While the issue of a lack of diversity has reared its ugly head and talk of tokenism amidst Rio Ferdinand's recent inclusion have been high on the media's agenda following the announcement of Greg Dyke's FA Commission, another factor simply buried its head deeper into the sand.
A debate centred on increasing the variety of ethnic backgrounds needs to be addressed, but so does exactly why there has been a distinct lack of former players that have been willing to throw their hat into the ring. Of course, in Ferdinand and Glenn Hoddle we have a former captain and a talent plucked from the top drawer, but with their last appearances for the Three Lions coming in 2011 and 1988 respectively, there is a gaping hole that is crying out to be filled.
Since Bobby Moore held the Jules Rimet trophy aloft in 1966, the closest an Englishman has come to repeating the feat was at Italia 1990. A team led by Bryan Robson and marshalled by Terry Butcher, that hinged on Paul Gascoigne's creativity and relied on Gary Lineker's goals fell short against Germany, their bitter rivals. Six years later, football looked like it was coming home, only for Terry Venables's team to fail to engineer a route past the Germans once more. Since then, the pride attached to the team and performances at international tournaments have been in steady decline.
But where are the household names of the nation's most successful teams from the 90's now? Not only are they missing from Dyke's panel, the majority are missing from the game totally. Stuart Pearce (a member of both sides) has been on the front lines, attempting to nurture our crop of youngsters via the Under-21 side with mixed results. Gareth Southgate, who missed the vital penalty in 1996, is now his successor following a stint as the FA's head of elite development. Paul Ince and a handful of others are trying to carve out careers at club level. But where are the talismanic players that were the brightest talents of their generation?
The two that spring to mind, arguably the best two strikers ever to don the white of England, can be found on Saturday nights assessing the Premier League action in a Salford studio. Meanwhile, his inclusion may have raised eyebrows, but all credit to Danny Mills for being given the nod.
Far from a national treasure, Mills only made it to a World Cup thanks to an injury to Gary Neville, but he is being proactive and attempting to make a difference. His idea to introduce a limit on the number of foreign players in English club academies is drastic, but new ideas need to be encouraged, because things clearly aren't working. Shearer continues to flirt with a post at Newcastle while Lineker's every tweet creates headlines, but his claim that several members of the panel were "utterly pointless" is itself a pointless exercise.
Rather than sit on his high horse, if Lineker is concerned about the state of our national set up, like most people, he should take Mills's admirable advice and get up and do something about it. If you have the power to make a difference but belittle others' efforts while you do nothing yourself then you are part of the problem in my book.

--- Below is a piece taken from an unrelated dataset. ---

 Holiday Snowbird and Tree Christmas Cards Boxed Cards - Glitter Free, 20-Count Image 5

Asking the difficult questions is one thing, but trying to implement your ideas is worth more than picking holes in other peoples' suggestions at the answers. We have a woeful lack of coaches throughout the country, but is it any surprise if former players opt to indulge in punditry rather than inspire not only people from outside the game to get involved, but a younger generation of players to complete their coaching badges?

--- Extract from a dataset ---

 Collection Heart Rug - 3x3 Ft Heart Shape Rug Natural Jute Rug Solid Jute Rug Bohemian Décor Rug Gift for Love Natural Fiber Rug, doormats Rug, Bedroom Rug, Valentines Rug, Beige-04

English football has undoubtedly paid the price for the Premier League's cash injection with plenty of homegrown players attracting unflattering headlines and having their desire to play questioned when big money is put on the table, even if it means a stint of stagnation on the bench. Although the involvement of former players is only one of multiple contributing factors that can determine a nation's success, it would certainly help maintain the identity the side has lost of late. If the current crop follow the example of those who have recently retired, the slide may well continue.
Granted, several have coaching roles or have tried their hand at a managerial career, but why are more not coming to the forefront to answer their country's call? As much help as we can get is needed. The rewards for staying in the game after retirement may be dwindling, and Stuart Pearce's treatment as Under 21 boss is testament to that. So will our multi-millionaire 30 somethings that retire in the next decade have the drive to stay in the game? At the moment the signs are good, with the Neville brothers leading the way and others making the right noises about their intentions when their time on the pitch is over.
But it must not be forgotten that although it's the fat cats at the FA that attract the majority of criticism surrounding the England team, some of the players that enjoyed legendary status not so long ago must shoulder some of the blame.